I think you should get married because it is what the two of you want to make your family feel complete.

From a financial point of view...perhaps now is not the time for a baby or to plan a party of any kind. If you can not make your mortgage payments, you seriously cannot afford a party (coming from someone who was really bad with money, been there done that, lost the t-shirt ).
If you don't want to get married without the frills, I suggest you wait until you can afford it.
If you are stressed out, that could be a reason your body does not think now is an optimal time to be preggo.
post #44 of 60
No where in the Bible, that I can find, does it say that you must have a big fancy dress and throw some big shindig (30 people is big, when you are laid off). It does however say that you should be married if you are going to be living together.

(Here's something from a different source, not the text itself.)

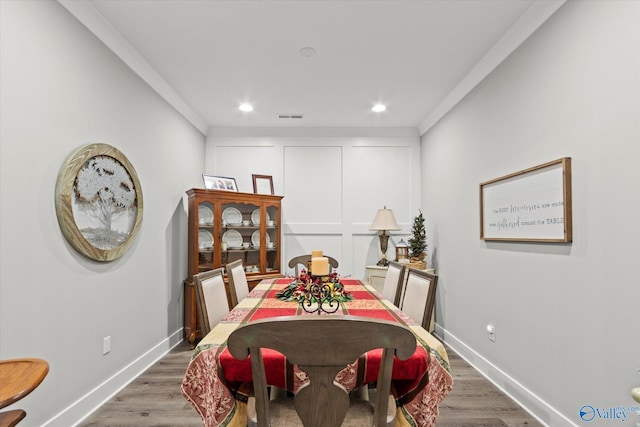 dining area with dark hardwood / wood-style flooring and crown molding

Frankly, if your family was really set on you having a traditional wedding, they would have offered to pay for it by now. Schedule a date with your pastor, get a marriage license and let your parents know the date. If they want to be there, they will make the effort and be there.

Don't send out formal invitations, just phone those that mean the world to you and let them know what is happening. For those that live out of town, let them in on the situation and assure them that you don't expect them to make the trip, but it is enought to know thier thoughts are with you.

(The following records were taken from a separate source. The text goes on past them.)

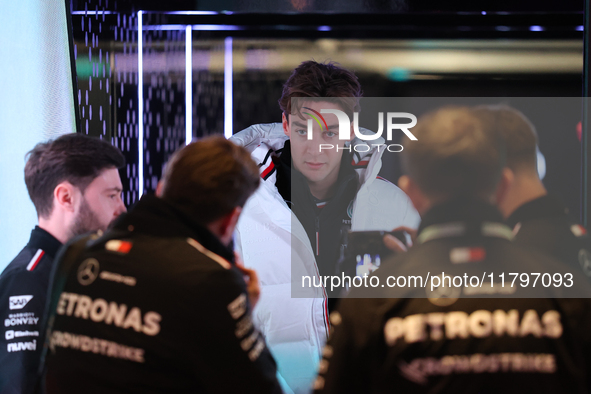 George Russell speaks to his team in the Mercedes garage paddock entrance ahead of the Formula 1 Heineken Silver Las Vegas Grand Prix in Las...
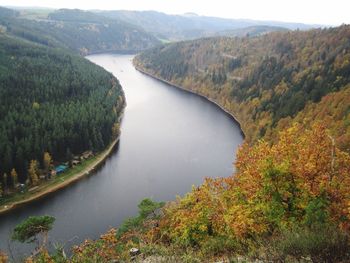 Scenic view of river amidst mountains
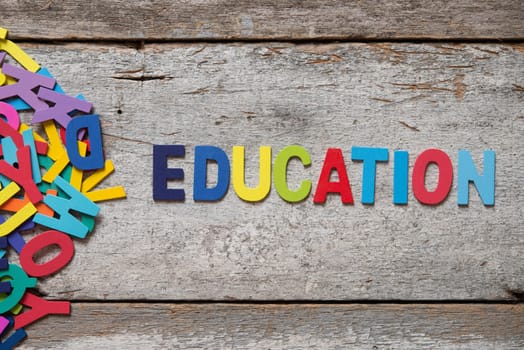 The colorful words "EDUCATION"" made with wooden letters next to a pile of other letters over old wooden board."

Don't offer to feed everyone. In fact let everyone know ahead of time, it will just be a simple ceremony (backyard, pastor's office, etc). Either have a potluck or just cake and punch. if your lucky, your parents and/or in-laws may even offer to take everyone out for dinner

Obviously, this is something that is a big issue to you and taking care of it will be one less thing to stress over and bring you some peace with yourself.
post #45 of 60
Ok, I didn't read all of the responses, so forgive me if I repeat anything here.

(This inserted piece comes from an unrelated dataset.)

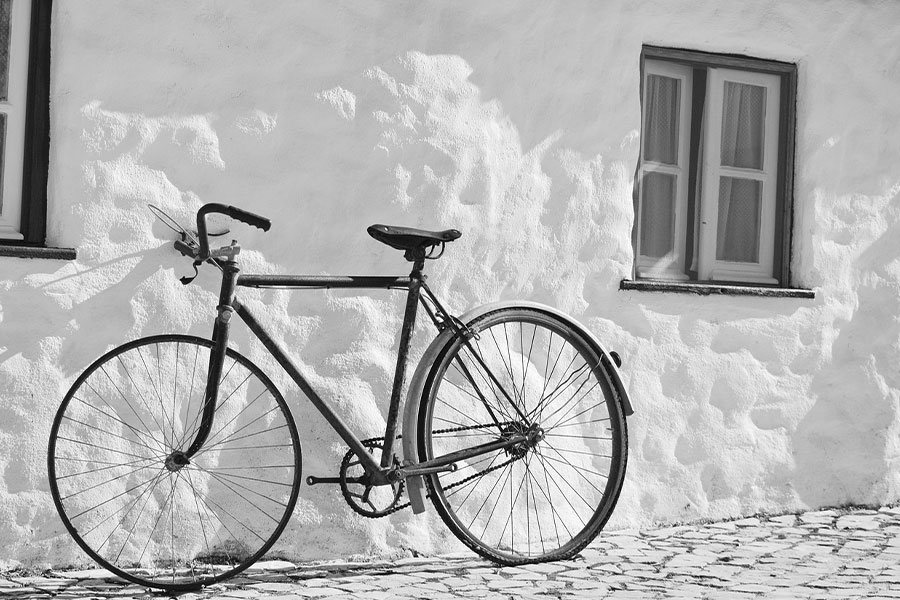 Bicicleta vintage monocromática apoyada en la pared blanca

I also do not think God is vengeful and putting you through hardship as punishment. Hardship is a part of life and it makes us stronger as individuals and as families if we let it. This is just my opinion, take it with a grain of salt, but I think the angst you are feeling has more to do with your reluctance to trust God. You are afraid you have offended Him and you are focused on all the roadblocks ahead of you. What if you just said "We're getting married" and trusted that God would allow the rest to fall into place? Now that isn't to say that you will wake up tomorrow and the wedding you dreamed of will be at your door. You may have to alter your expectations or level of humility, you will certainly have to put some work in. It may not be "perfect" but it will be yours.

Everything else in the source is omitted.